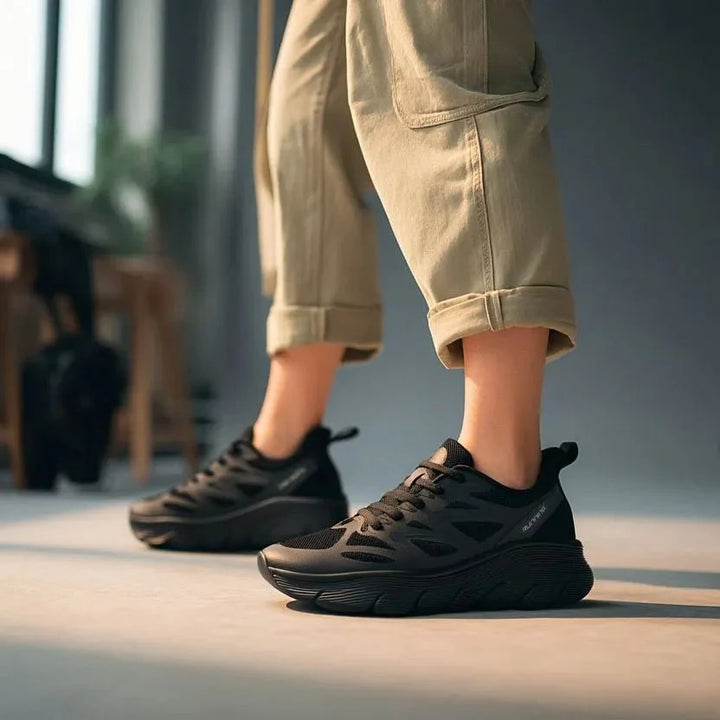 Anti-fatigue women's work sneakers, lightweight and supportive for active healthcare professionals.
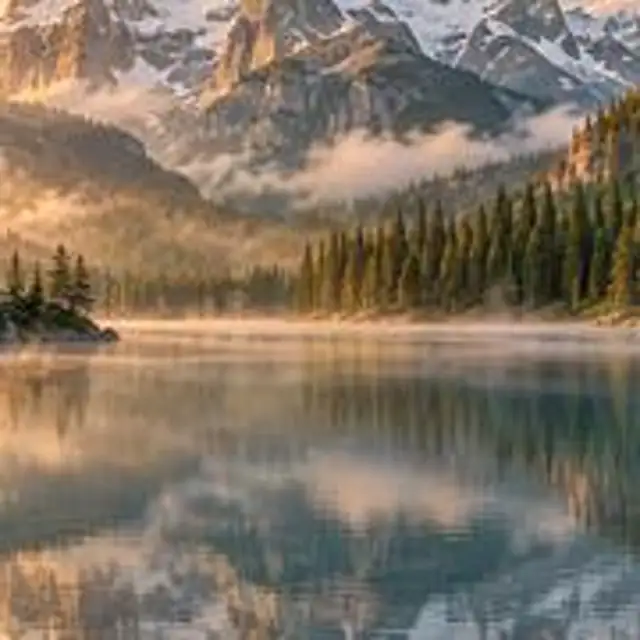 A small, pixelated photo of an autumn river valley with a cabin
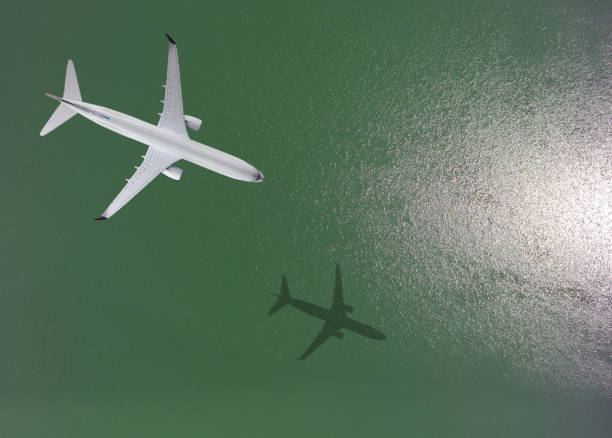 istock Airplane flies over a sea 836102538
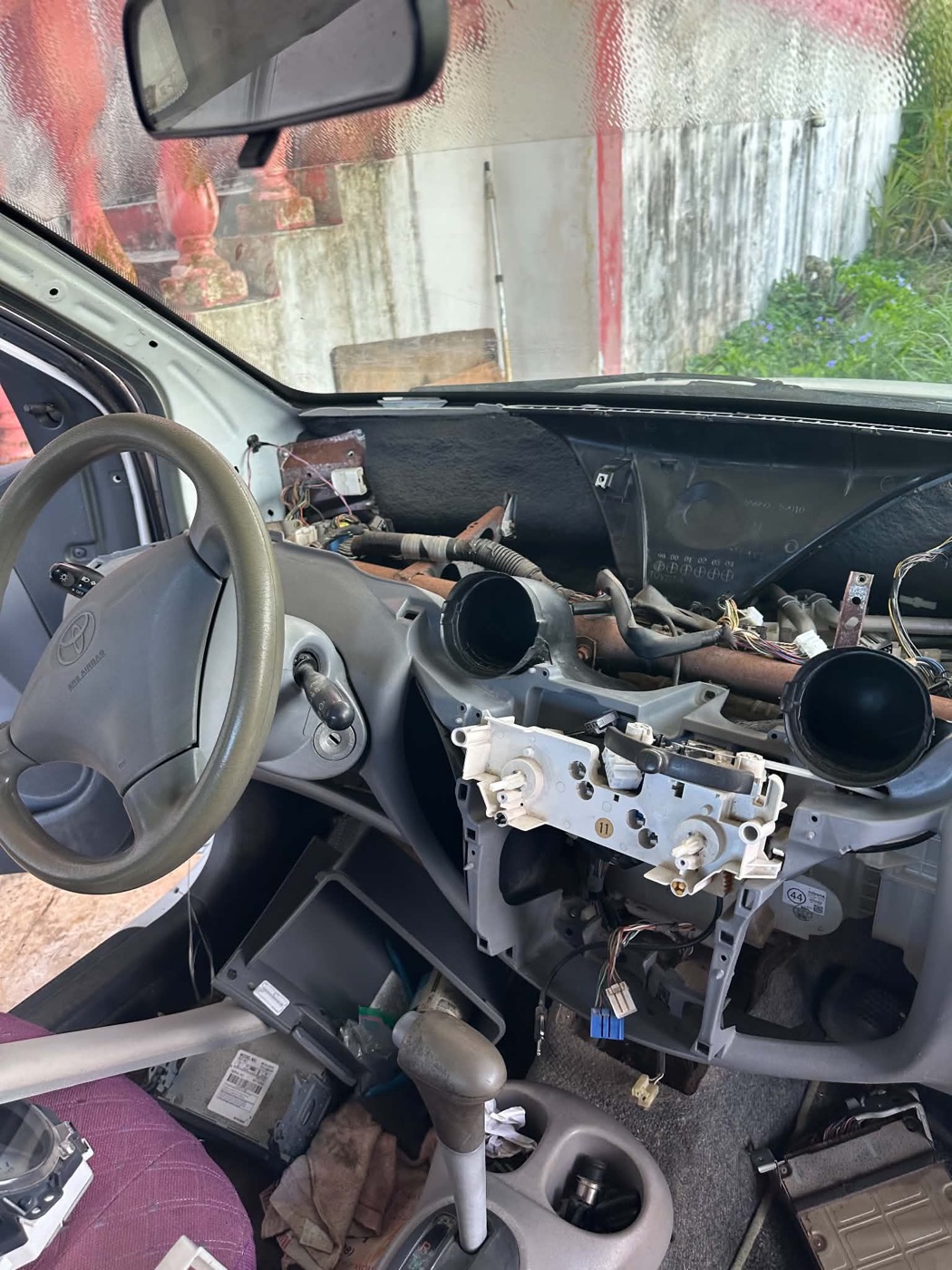 Car dashboard stripped down with the climate control panel and air ducts exposed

● BRIEF
The expected output is the lines from the line that contains "A small, pixelated" through the last line of the material, reproduced exactly, with both ends present and pictures absent.

● SOLUTION BELOW
 A small, pixelated photo of an autumn river valley with a cabin
 istock Airplane flies over a sea 836102538
 Car dashboard stripped down with the climate control panel and air ducts exposed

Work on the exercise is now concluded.